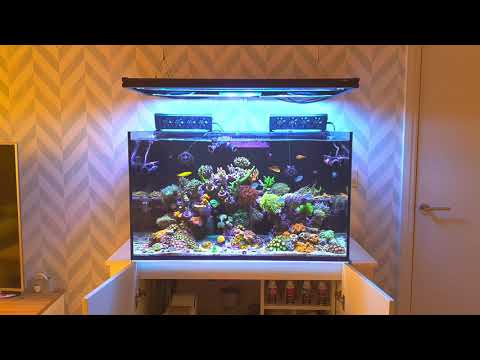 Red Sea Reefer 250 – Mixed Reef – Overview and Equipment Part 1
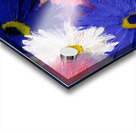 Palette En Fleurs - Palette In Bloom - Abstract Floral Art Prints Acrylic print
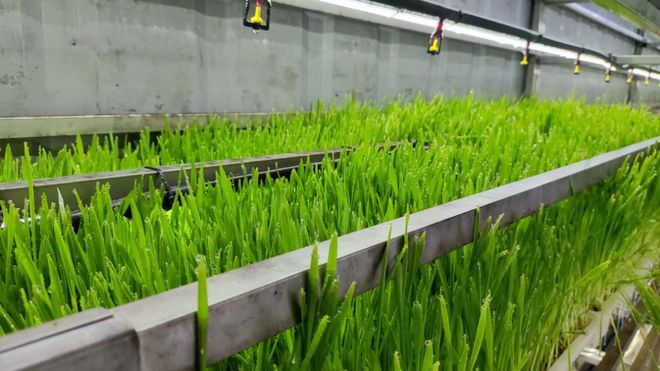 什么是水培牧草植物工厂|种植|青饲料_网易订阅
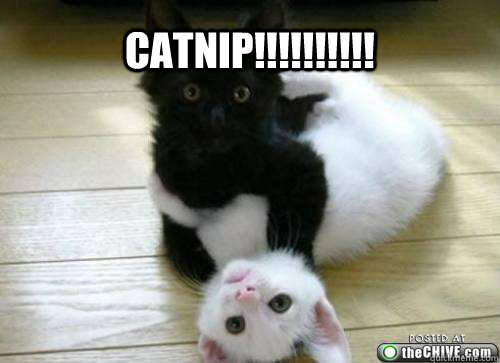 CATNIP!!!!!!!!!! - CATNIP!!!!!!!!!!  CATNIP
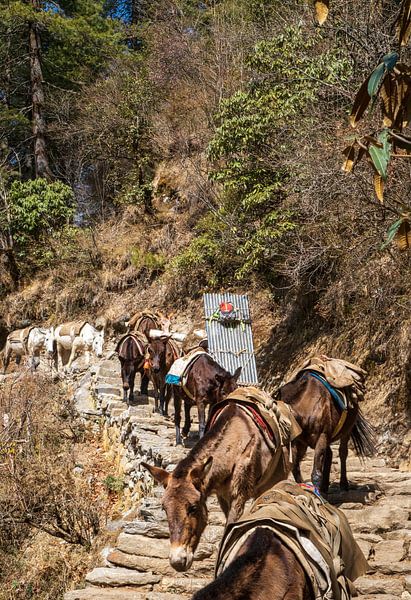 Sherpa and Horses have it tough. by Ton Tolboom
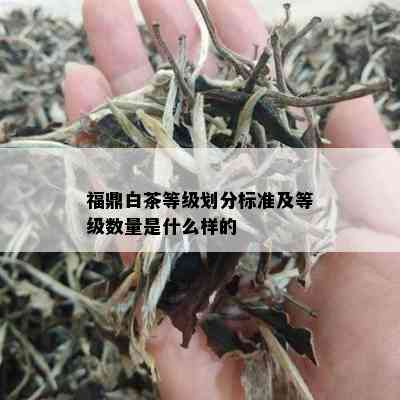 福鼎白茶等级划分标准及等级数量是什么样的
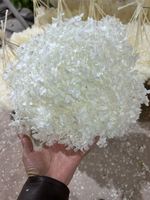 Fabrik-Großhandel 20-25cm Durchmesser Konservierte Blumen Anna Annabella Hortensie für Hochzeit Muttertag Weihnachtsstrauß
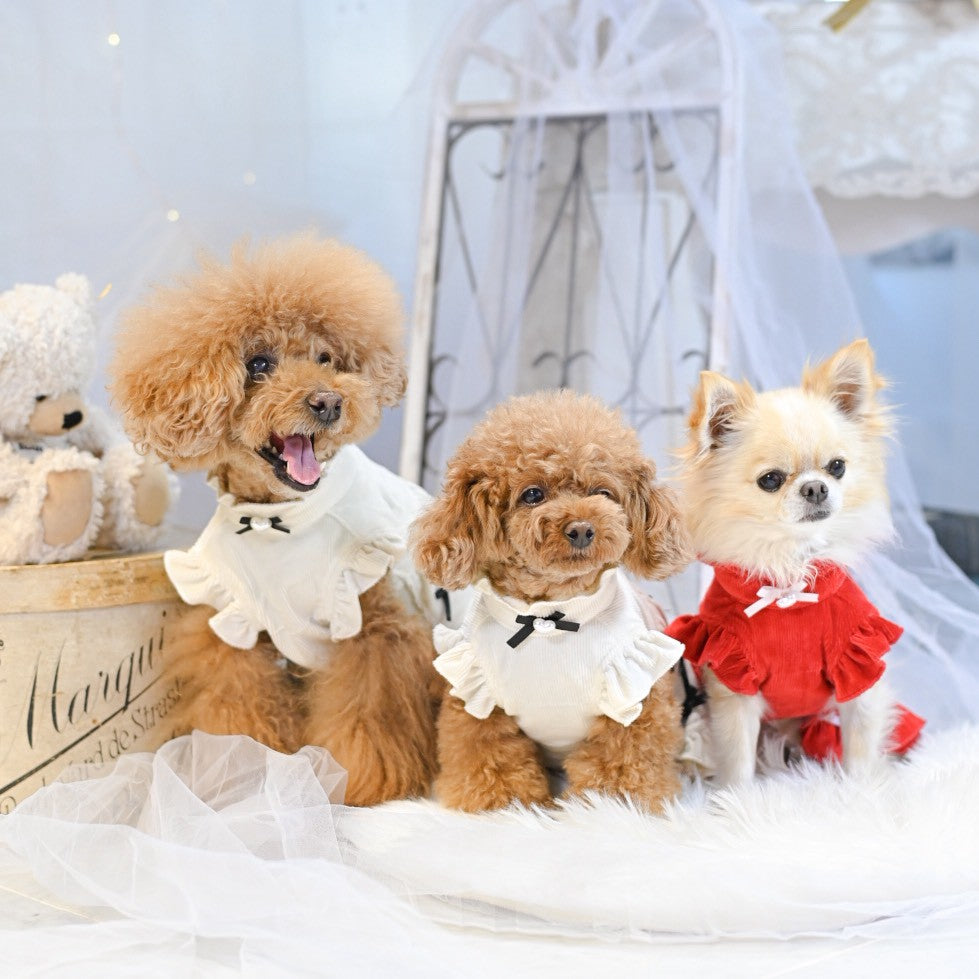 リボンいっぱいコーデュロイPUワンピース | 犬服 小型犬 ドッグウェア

========================

*Requirement*
Print the whole listing again exactly, please. No pictures.

*Expected output*
 Red Sea Reefer 250 – Mixed Reef – Overview and Equipment Part 1
 Palette En Fleurs - Palette In Bloom - Abstract Floral Art Prints Acrylic print
 什么是水培牧草植物工厂|种植|青饲料_网易订阅
 CATNIP!!!!!!!!!! - CATNIP!!!!!!!!!!  CATNIP
 Sherpa and Horses have it tough. by Ton Tolboom
 福鼎白茶等级划分标准及等级数量是什么样的
 Fabrik-Großhandel 20-25cm Durchmesser Konservierte Blumen Anna Annabella Hortensie für Hochzeit Muttertag Weihnachtsstrauß
 リボンいっぱいコーデュロイPUワンピース | 犬服 小型犬 ドッグウェア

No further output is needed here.